» **EXERCISE GOAL**: Begin at the top of the entries below and write out every line through the one containing "Zebra Casa Unique", excluding pictures.

» **GIVEN DATA**:
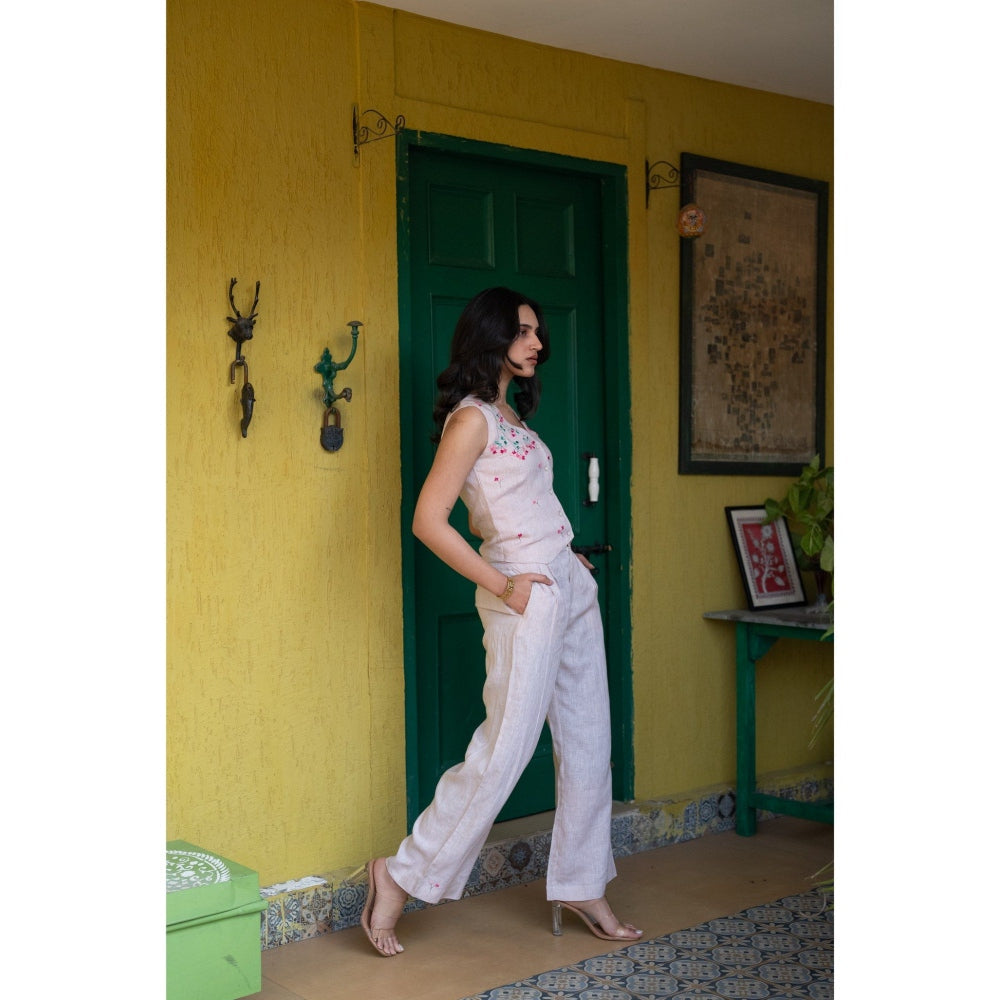 KAVANA Beige Heer Co-Ord (Set of 2)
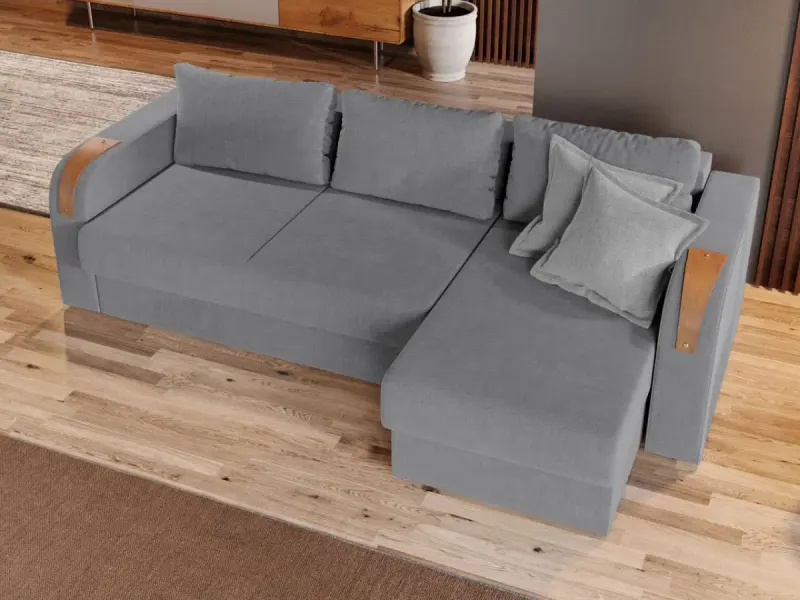 Coltar Extensibil Morelia Gri Deschis — imaginea 2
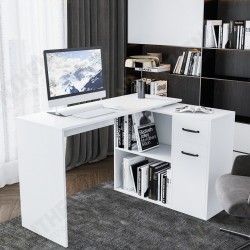 Computer Desk Rotating Corner Computer Desk With Drawers Shelf for Home Office Living Room 180 Degree Design Computer Desk Rotating Corner Computer Desk With Drawers Shelf for Home Office Living Room 180 Degree Design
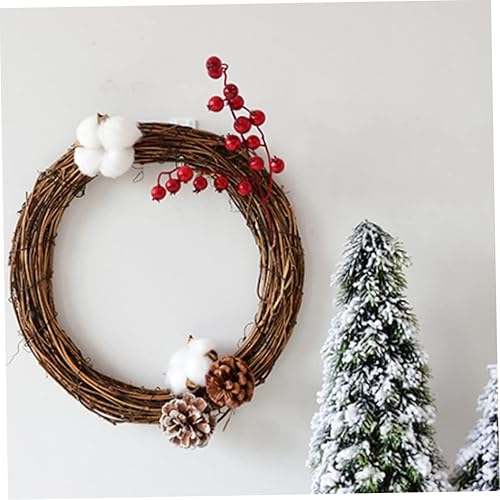 Anneaux de Couronne de 40cm en rotin, Branche de Vigne de Noël, Cerceau Floral, Vigne tressée, Base de Guirlande pour Bricolage, Thanksgiving, décoration de Mariage de Noël. - Nail Gallerys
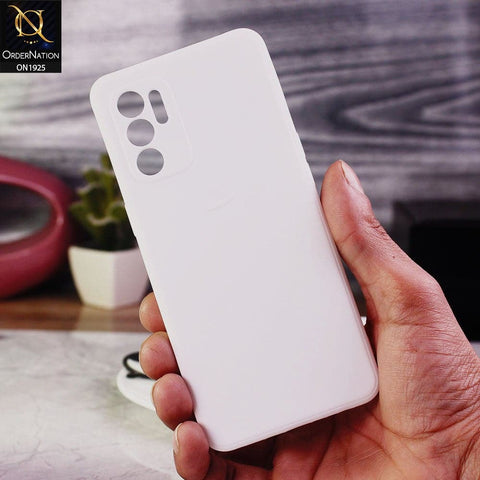 Oppo Reno 6 Cover - White - Stylish 3D Camera Soft Jell Cases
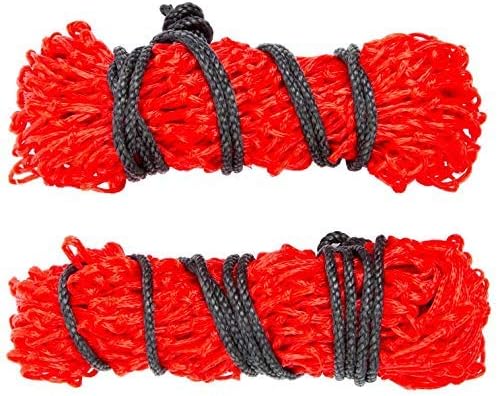 Majestic Ally 2 pcs Ultra Slow Feed 1.5"x1.5" Holes 40” Hay Net for Horses and livestocks (Red)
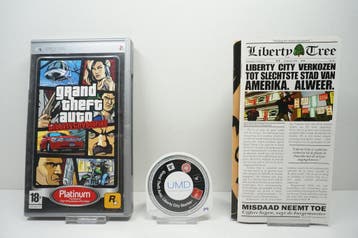 Grand Theft Auto: Liberty City Stories (GTA) (Platinum), Ophalen of Verzenden, Zo goed als nieuw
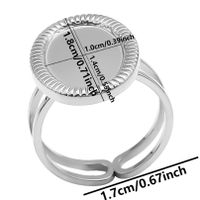 Simple Style Geometric Stainless Steel Plating 18k Gold Plated Open Rings sku image 11
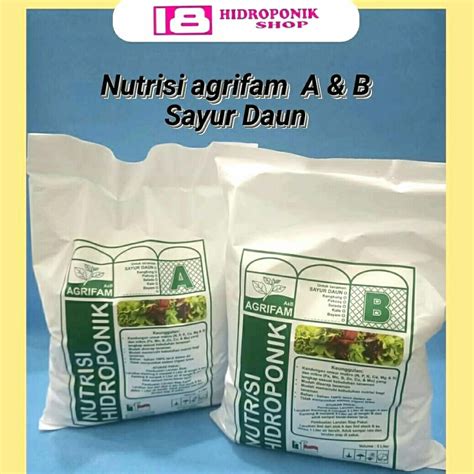 Jual Nutrisi Hidroponik Ab Mix Sayur Daun Liter Shopee Indonesia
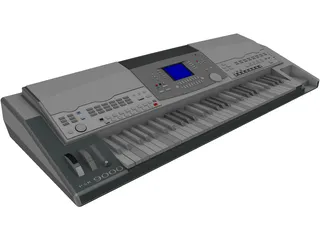 Yamaha PSR 9000 3D Model preview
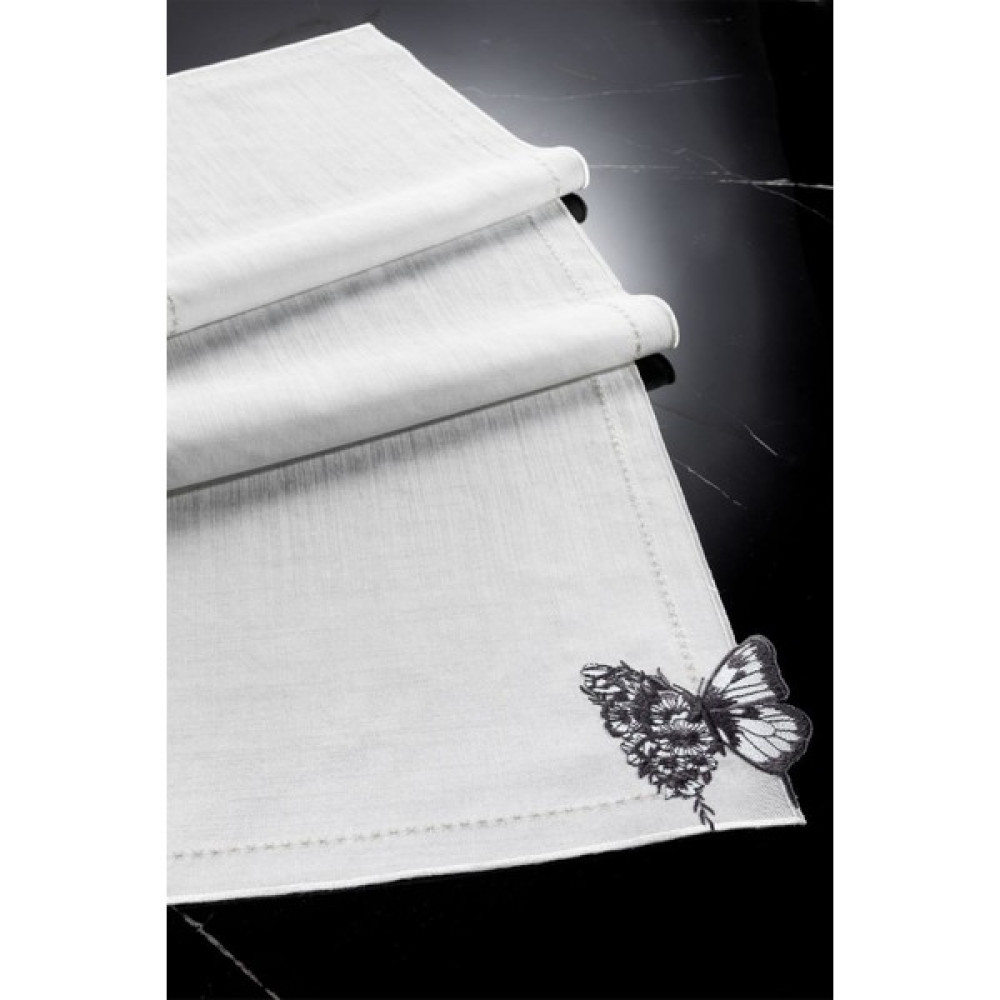 Zebra Casa Unique Krem/mavi Runner - Mavi - 40 x 115 cm Masa Örtüsü Fiyatı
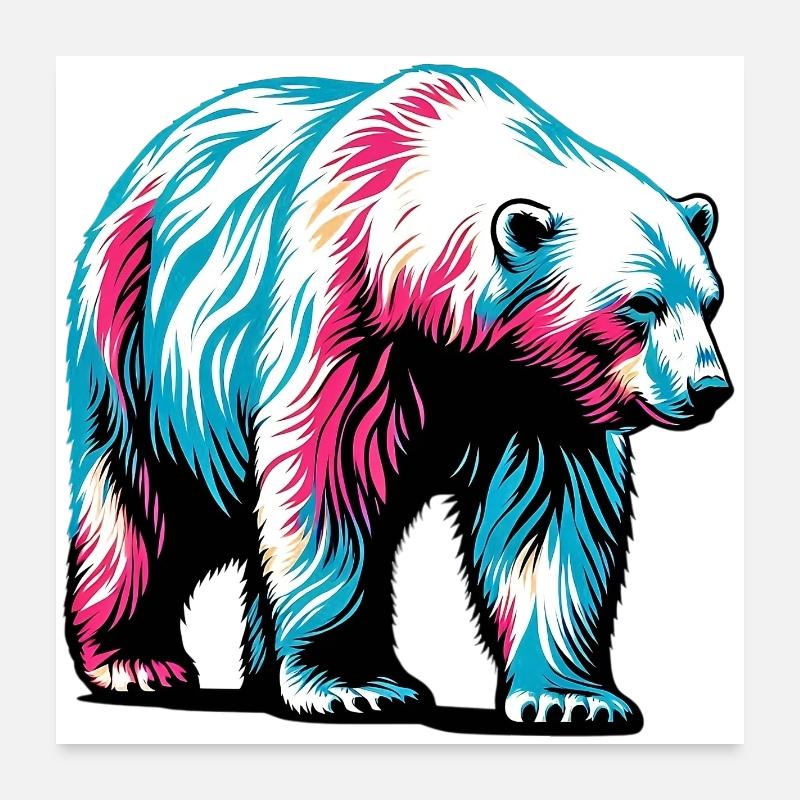 Ours blanc Poster 60 x 60 cm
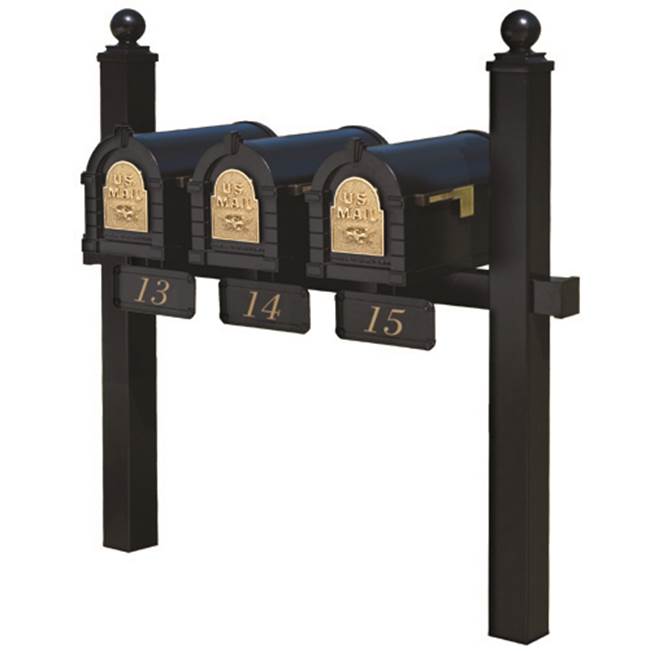 Gaines Manufacturing Mail Boxes Outdoor Living item KD3-BRO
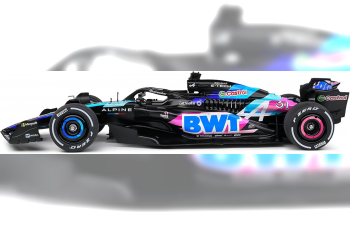 ALPINE F1 A524 Team BWT Alpine №31 Presentation Season Esteban Ocon (2024), Black Blue Pink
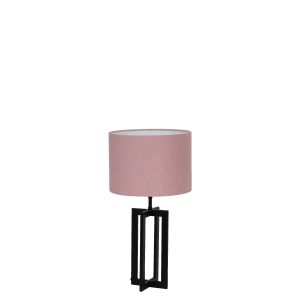 Light & Living tafellamp Mace/Livigno – zwart, roze – 30x30x56cm Light & Living tafellamp Mace/Livigno – zwart, roze – 30x30x56cm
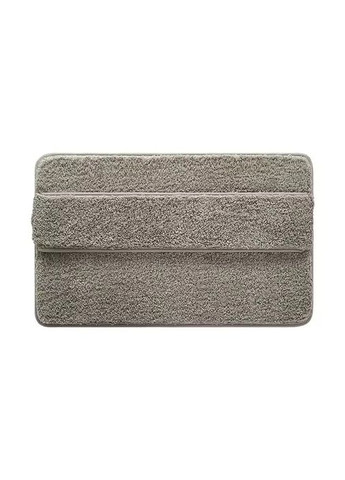 Коврик для ванной и душа коврик с накладкой для ног в ванную комнату, флисовый, атиковзкий 50х80 см, серый No Brand (337341990)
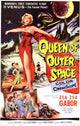Queen of Outer Space movie poster print showcasing vibrant sci-fi imagery.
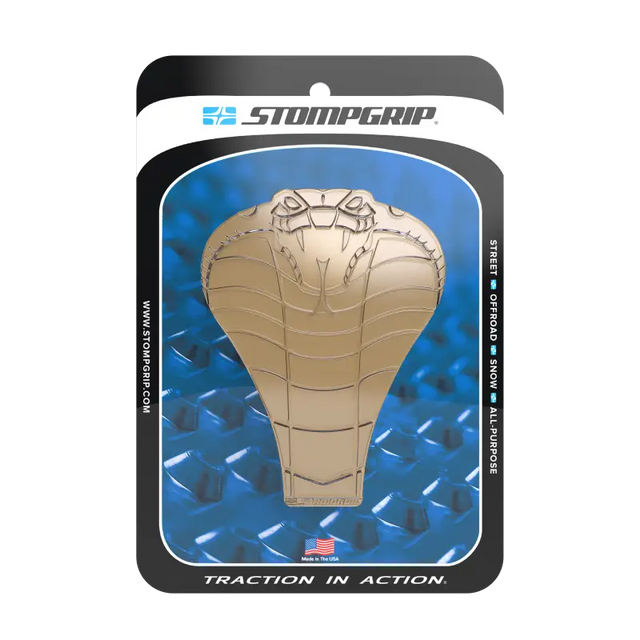 51-04-3001C Tank Pad Cobra Clear/White - Universal
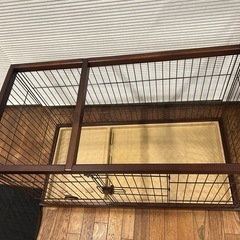 木目調犬用ゲージの画像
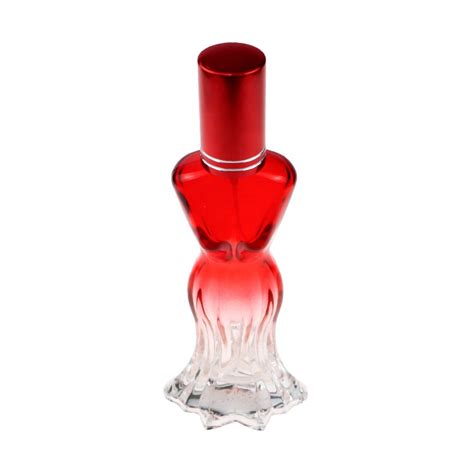 Unique High End 40ml Slim Red Dress Woman Body Shape Perfume Bottle High Quality Bottle Glass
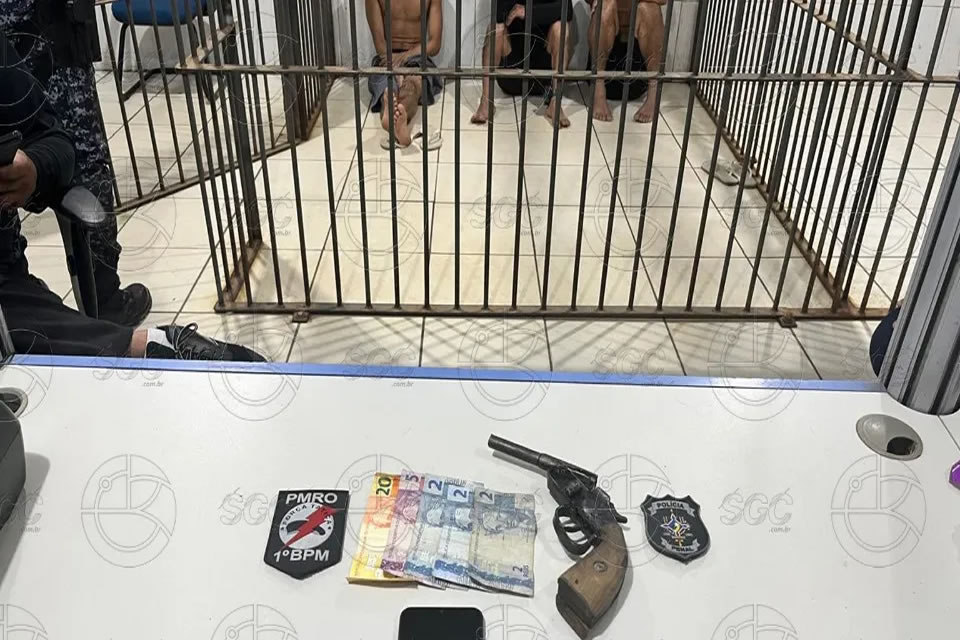 Polícia prende apenado e dois foragidos em operação conjunta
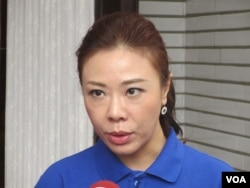 台湾在野党国民党立委李彦秀(美国之音张永泰拍摄)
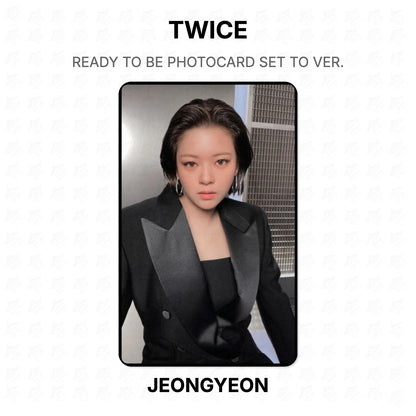 TWICE READY TO BE PHOTOCARD SET TO VER. Official Photocard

» **THE ANSWER**:
 KAVANA Beige Heer Co-Ord (Set of 2)
 Coltar Extensibil Morelia Gri Deschis — imaginea 2
 Computer Desk Rotating Corner Computer Desk With Drawers Shelf for Home Office Living Room 180 Degree Design Computer Desk Rotating Corner Computer Desk With Drawers Shelf for Home Office Living Room 180 Degree Design
 Anneaux de Couronne de 40cm en rotin, Branche de Vigne de Noël, Cerceau Floral, Vigne tressée, Base de Guirlande pour Bricolage, Thanksgiving, décoration de Mariage de Noël. - Nail Gallerys
 Oppo Reno 6 Cover - White - Stylish 3D Camera Soft Jell Cases
 Majestic Ally 2 pcs Ultra Slow Feed 1.5"x1.5" Holes 40” Hay Net for Horses and livestocks (Red)
 Grand Theft Auto: Liberty City Stories (GTA) (Platinum), Ophalen of Verzenden, Zo goed als nieuw
 Simple Style Geometric Stainless Steel Plating 18k Gold Plated Open Rings sku image 11
 Jual Nutrisi Hidroponik Ab Mix Sayur Daun Liter Shopee Indonesia
 Yamaha PSR 9000 3D Model preview
 Zebra Casa Unique Krem/mavi Runner - Mavi - 40 x 115 cm Masa Örtüsü Fiyatı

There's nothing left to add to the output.